The game has a sequel, Luminous Arc 2, that was released in 2008. Luminous Arc 3: Eyes was released on December 10, 2009 in Japan. The latest entry in the series, Luminous Arc Infinity, was released for the PlayStation Vita in Japan on August 6, 2015.

==Gameplay==
Luminous Arc is a tactical role-playing game and uses a battlefield grid viewed from an isometric perspective. The top screen is used to display unit information while movement and attacks are determined on the lower screen. Left- and right-handed touch-screen controls and D-pad control schemes are available. One of the special traits is the Flash Drive Gauge, which, when filled, allows a character to use a special attack. Between battles, players can view short sequences featuring the game's mascot, Kopin, and intermission sequences that will allow the player to get to know the characters in the party better. The game also includes a multiplayer battle mode.

===Special attacks===
Each time a player character makes an action, his or her Flash Meter will increase. The player can then use Flash Points to perform powerful attacks, called Flash Drives that may also cause status ailments to enemies. Some enemies in Luminous Arc can also use Flash Drives.

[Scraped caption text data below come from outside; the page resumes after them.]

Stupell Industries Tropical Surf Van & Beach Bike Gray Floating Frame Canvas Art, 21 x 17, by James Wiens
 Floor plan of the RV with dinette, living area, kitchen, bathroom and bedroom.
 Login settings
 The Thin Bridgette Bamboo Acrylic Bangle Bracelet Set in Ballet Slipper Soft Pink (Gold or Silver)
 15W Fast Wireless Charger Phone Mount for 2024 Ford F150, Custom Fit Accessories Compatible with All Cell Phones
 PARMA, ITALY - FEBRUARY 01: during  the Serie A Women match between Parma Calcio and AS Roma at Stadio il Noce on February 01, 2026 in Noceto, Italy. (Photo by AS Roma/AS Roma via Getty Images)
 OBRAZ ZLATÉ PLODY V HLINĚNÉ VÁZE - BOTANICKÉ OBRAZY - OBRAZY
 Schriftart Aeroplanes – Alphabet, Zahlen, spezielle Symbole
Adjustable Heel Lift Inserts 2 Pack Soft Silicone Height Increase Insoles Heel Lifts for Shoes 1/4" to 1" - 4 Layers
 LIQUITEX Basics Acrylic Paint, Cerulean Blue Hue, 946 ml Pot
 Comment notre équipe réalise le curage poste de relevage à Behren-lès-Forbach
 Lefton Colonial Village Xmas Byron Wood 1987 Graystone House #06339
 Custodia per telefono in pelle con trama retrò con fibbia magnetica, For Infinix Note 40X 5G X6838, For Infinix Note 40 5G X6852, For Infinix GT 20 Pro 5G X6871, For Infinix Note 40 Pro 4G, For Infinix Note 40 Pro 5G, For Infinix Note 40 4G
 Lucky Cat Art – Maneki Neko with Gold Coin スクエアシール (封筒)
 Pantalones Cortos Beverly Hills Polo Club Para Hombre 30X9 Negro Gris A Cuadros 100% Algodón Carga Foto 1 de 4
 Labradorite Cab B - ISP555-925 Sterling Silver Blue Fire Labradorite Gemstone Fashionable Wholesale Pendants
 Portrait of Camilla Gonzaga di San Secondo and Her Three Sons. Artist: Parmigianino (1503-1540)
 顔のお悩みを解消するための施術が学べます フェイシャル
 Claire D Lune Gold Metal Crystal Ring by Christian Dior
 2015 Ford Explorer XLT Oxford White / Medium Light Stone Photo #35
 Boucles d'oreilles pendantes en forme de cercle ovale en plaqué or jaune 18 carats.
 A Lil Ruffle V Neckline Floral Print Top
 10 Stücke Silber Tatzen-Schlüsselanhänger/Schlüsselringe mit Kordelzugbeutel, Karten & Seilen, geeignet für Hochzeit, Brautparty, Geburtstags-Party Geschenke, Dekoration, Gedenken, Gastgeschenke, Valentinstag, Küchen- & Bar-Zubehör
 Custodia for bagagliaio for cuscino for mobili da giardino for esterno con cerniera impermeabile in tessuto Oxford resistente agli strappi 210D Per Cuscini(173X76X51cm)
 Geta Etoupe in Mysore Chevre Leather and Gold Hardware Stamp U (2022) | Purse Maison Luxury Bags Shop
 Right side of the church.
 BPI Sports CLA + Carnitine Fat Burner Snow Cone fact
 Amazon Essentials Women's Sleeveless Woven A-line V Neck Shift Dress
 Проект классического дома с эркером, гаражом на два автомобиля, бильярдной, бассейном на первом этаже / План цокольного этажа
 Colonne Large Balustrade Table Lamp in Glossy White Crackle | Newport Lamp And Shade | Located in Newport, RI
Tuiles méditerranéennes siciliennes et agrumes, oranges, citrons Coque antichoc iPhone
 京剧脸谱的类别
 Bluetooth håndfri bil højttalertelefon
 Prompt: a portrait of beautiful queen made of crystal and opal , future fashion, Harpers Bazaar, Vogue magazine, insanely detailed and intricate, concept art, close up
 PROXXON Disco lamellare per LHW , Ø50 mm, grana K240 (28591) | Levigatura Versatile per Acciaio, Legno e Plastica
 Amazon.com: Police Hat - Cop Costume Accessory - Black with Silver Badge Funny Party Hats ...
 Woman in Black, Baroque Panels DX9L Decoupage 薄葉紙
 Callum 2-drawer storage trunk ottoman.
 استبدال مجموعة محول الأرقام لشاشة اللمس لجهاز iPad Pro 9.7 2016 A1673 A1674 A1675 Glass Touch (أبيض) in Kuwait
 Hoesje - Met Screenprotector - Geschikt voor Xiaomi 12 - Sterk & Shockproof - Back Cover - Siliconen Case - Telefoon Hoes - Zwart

While normal attack skills can damage allies and healing skills can restore enemy HP, the effects of Flash Drives committed to their intended targets; for instance, it is impossible for a recovery Flash Drives to heal opponents. Flash Drives can be learned via leveling up, but several are learned as the story progresses.

Synergy attacks are a combination attack that can be used when all characters involved have their Flash Points filled up and are close to each other. However, not all characters can perform Synergy attacks, as they are unlocked via story arcs that revolve around certain characters bonding.

===Intermissions===
After each battle, the spoils of battle will be displayed on the screen, including gold, items, and Vitae. In addition, the player will be prompted to talk with one of the characters that took part in the battle. An Intermission scene occurs after the ensuing plot dialogue, in which the player can have a short conversation with the previously selected character. On the touch screen, a list of responses will appear with the chosen character's avatar on the top screen. If the choice was favorable, the main character, Alph, will develop a stronger bond with that character, which takes the form of evasion and hit rate bonuses if the two are placed next to each other in future battles. If the character particularly likes the player's response, he or she may give Alph a useful item. However, the player is given a finite number of opportunities to talk to each character, after which it will be impossible to improve the bond. If the player has made good choices throughout the various conversations with a character, there may be a special scene between Alph and that character featuring anime-style art and an additional voice-over. If you say the right thing, you could get an item from the person. As the bond between a character and Alph improve, the heart will continue to grow, and once the heart becomes blue, the character will no longer speak with Alph during Intermission.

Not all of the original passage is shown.